The new rule for the future is going to be, "Anything that can be connected, will be connected." But why on earth would you want so many connected devices talking to each other? There are many examples for what this might look like or what the potential value might be. Say for example you are on your way to a meeting; your car could have access to your calendar and already know the best route to take. If the traffic is heavy your car might send a text to the other party notifying them that you will be late. What if your alarm clock wakes up you at 6 a.m. and then notifies your coffee maker to start brewing coffee for you? What if your office equipment knew when it was running low on supplies and automatically re-ordered more? What if the wearable device you used in the workplace could tell you when and where you were most active and productive and shared that information with other devices that you used while working?
On a broader scale, the IoT can be applied to things like transportation networks: "smart cities" which can help us reduce waste and improve efficiency for things such as energy use; this helping us understand and improve how we work and live.
The reality is that the IoT allows for virtually endless opportunities and connections to take place, many of which we can't even think of or fully understand the impact of today. It's not hard to see how and why the IoT is such a hot topic today; it certainly opens the door to a lot of opportunities.
NB IoT and its part in the IoT
NB-IoT can be defined as a radio technology for Machine 2 Machine (M2M) communications and Internet of Things (IoT) devices and applications. Think of it as a bit like 0G to 1G with mobile phones and mobile networks (we are now using 4G and 5G for our mobile communications). But the big difference between 0G and 1G technologies, which were built a long time ago mostly for voice communications, is that NB IoT is specifically built for devices to offer wireless transmissions over a more extended range at relatively low costs and using little power for long battery lives. IoT applications that require more frequent communications are better served by NB-IoT, which has no duty cycle limitations. In NB-IoT applications, typically small data volume amounts need to be infrequently transmitted.
NB IoT is often classified as a ‘Low Power, Wide Area Network (LPWAN) technology. LPWAN is sometimes also categorized under the term, ‘Massive IoT’, another industry term that just means those ‘billions’ of devices that typically transmit small data volume amounts, often sent at intervals (so no constant transmission but now and then) and with the need for long battery lives.

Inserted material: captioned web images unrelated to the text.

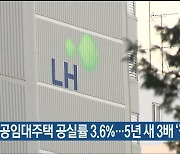 울산 공공임대주택 공실률 3.6%..5년 새 3배 '껑충'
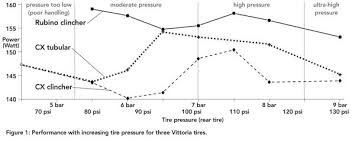 Proper adjustments to your bicycle, seek a qualified bicycle technician for professional advice on adjustments. Ultimate Guide To Bicycle Tire Pressure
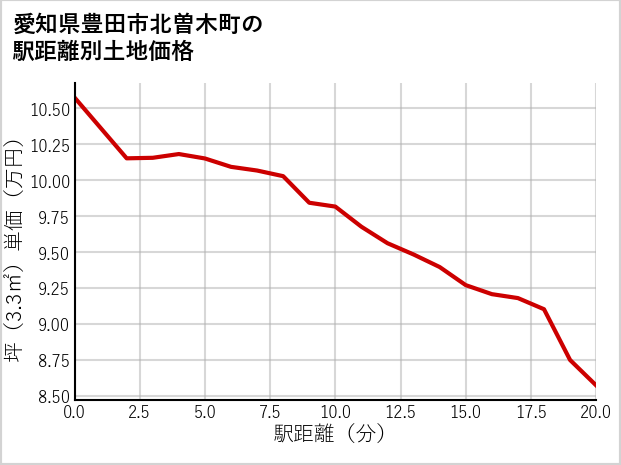 愛知県豊田市北曽木町の徒歩距離別の土地坪単価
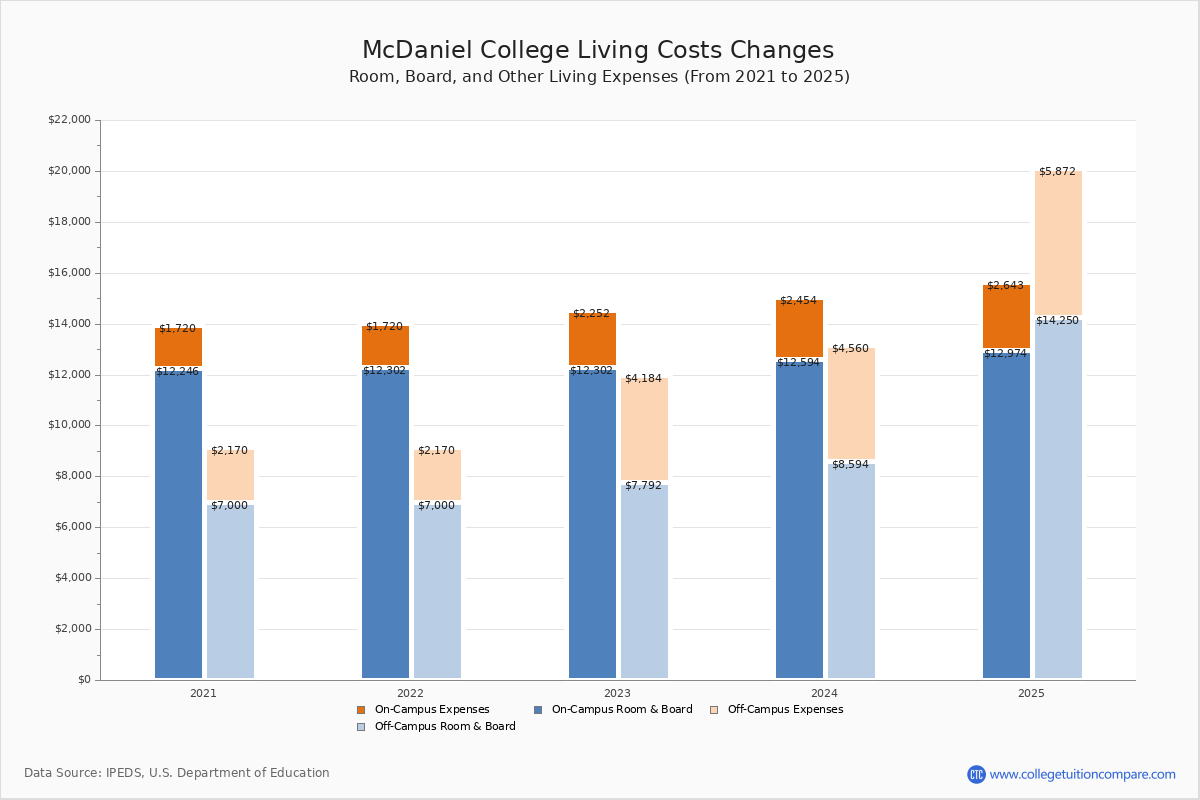McDaniel College Tuition Fees Net Price
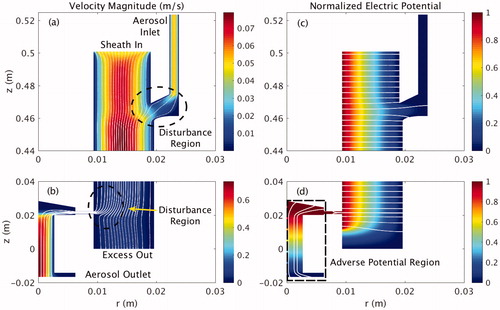 Figure 2. Magnitude of fluid flow velocity and electric potential within the classification region: (a) flow field in the upper region; (b) flow field in the lower region; (c) electric field in the upper region; (d) electric field in the lower region. Note that the color scales in (a) and (b) are different. The white lines in (a) and (b) represent the fluid flow streamlines, and those in (c) and (d) are the electric field lines. The adverse electric potential gradient region is labeled in (d).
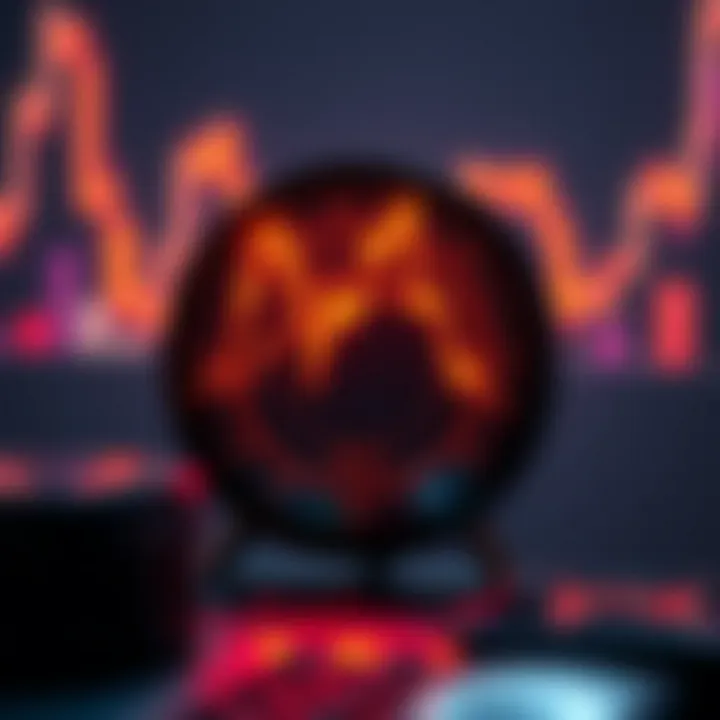 Magnificent Understanding the Market Fear Indicator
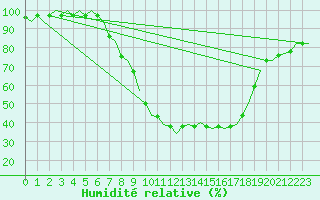 Courbe de l'humidit relative pour Fritzlar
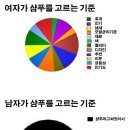 샴푸. 이미지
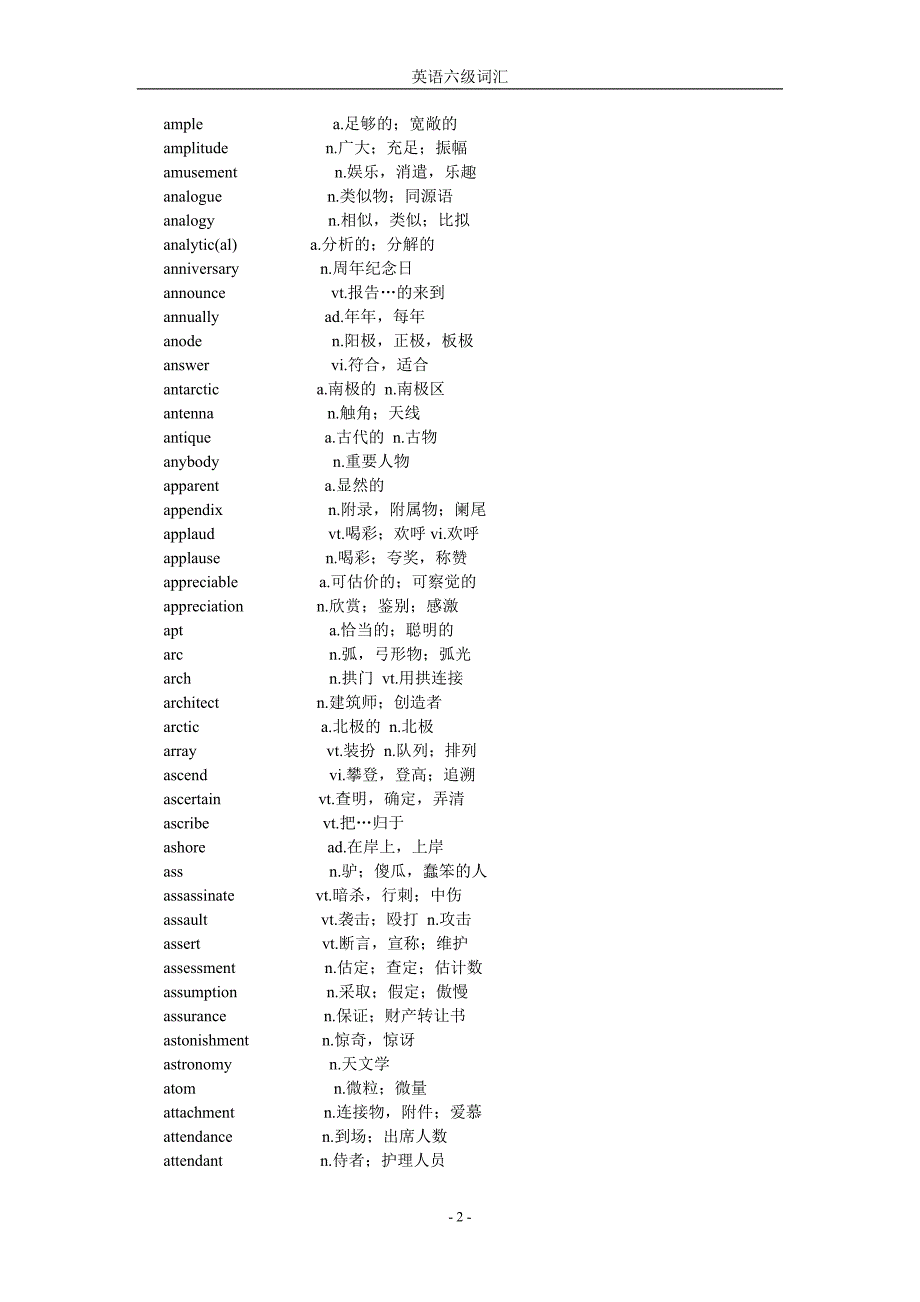 2015年纯大学英语六级词汇表(不包括四级词汇)_第2页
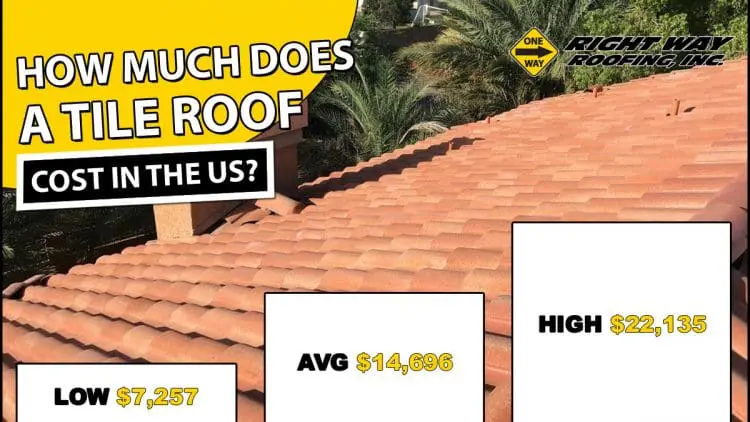 Tile roof cost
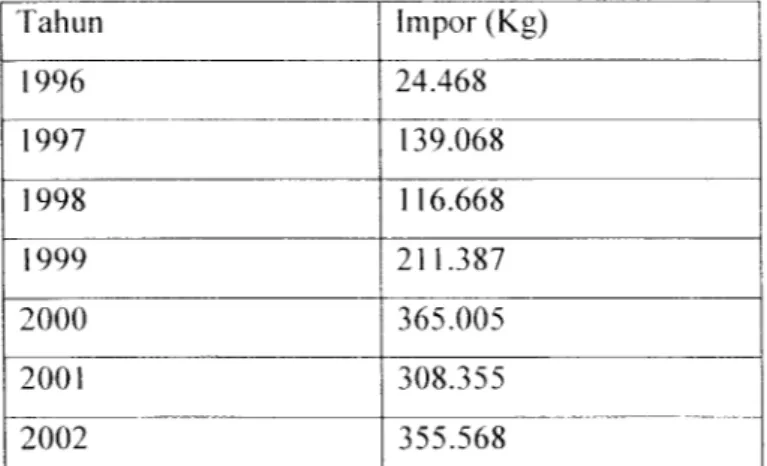 Tabel 1.1. Perkembangan Import Furfural di Indonesia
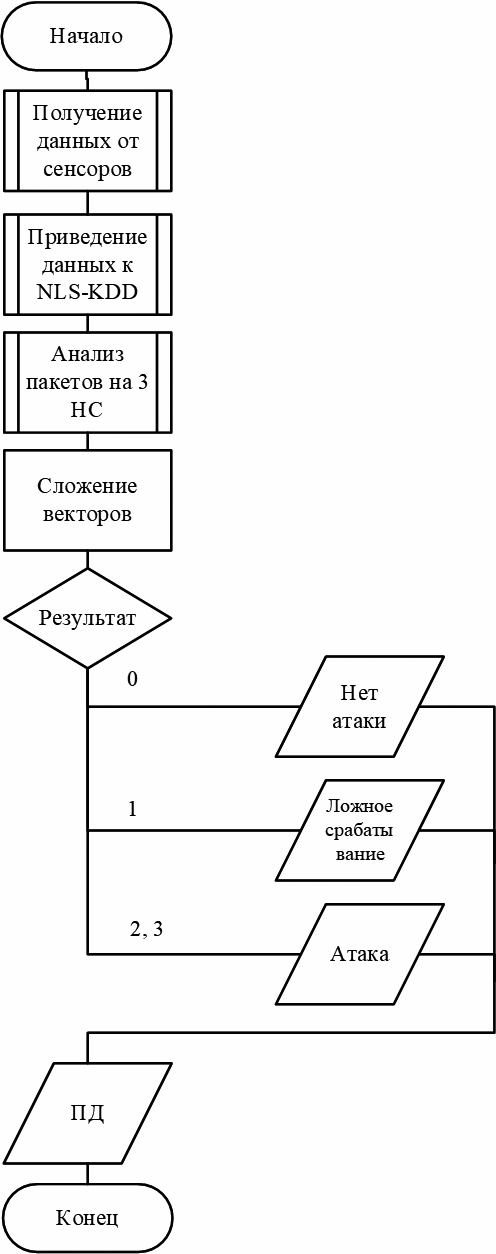 Рисунок 3. Алгоритм выявления сетевых атак с использованием трех ИНС с разными топологиями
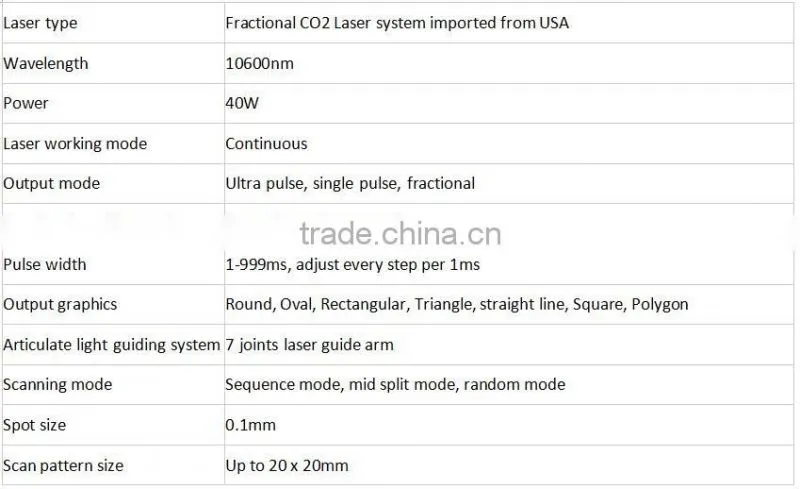 co2 fractional laser vaginal tightening, laser beauty equipment better than vaginal tightening stick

NB-IoT became an officially licenced standard for wireless communications in 2016 by 3GPP/GSMA, the organisations that manage the global mobile networks. It is currently the only globally licenced LPWAN technology, which means it must adhere to strict security and encryption standards and protocols. In addition the licencing means that NB IoT technology must meet high ‘Quality of Services’ provisions, built into mobile networks and their business ecosystems.
NB IoT and battery life
NB IoT is characterised by being able to connect devices that need small amounts of data, low bandwidth, and long battery life. One of its main focuses is on low energy usage and thus low power. Devices often remain asleep or in different levels of sleep/power saving mode, and are only woken up when needed (by pinging the device over the internet, pre-programming, or physically touching a button on the device when it needs to be used). For example a smart electricity meter may remain asleep all day every day except for 1 second at midnight every night, when it is pre-programmed to wake up and read the meter, and transmit this data back to the electricity company. This means that devices that in the past that typically only had battery life of weeks or months, can now last years. The battery life on some devices is up to ten years.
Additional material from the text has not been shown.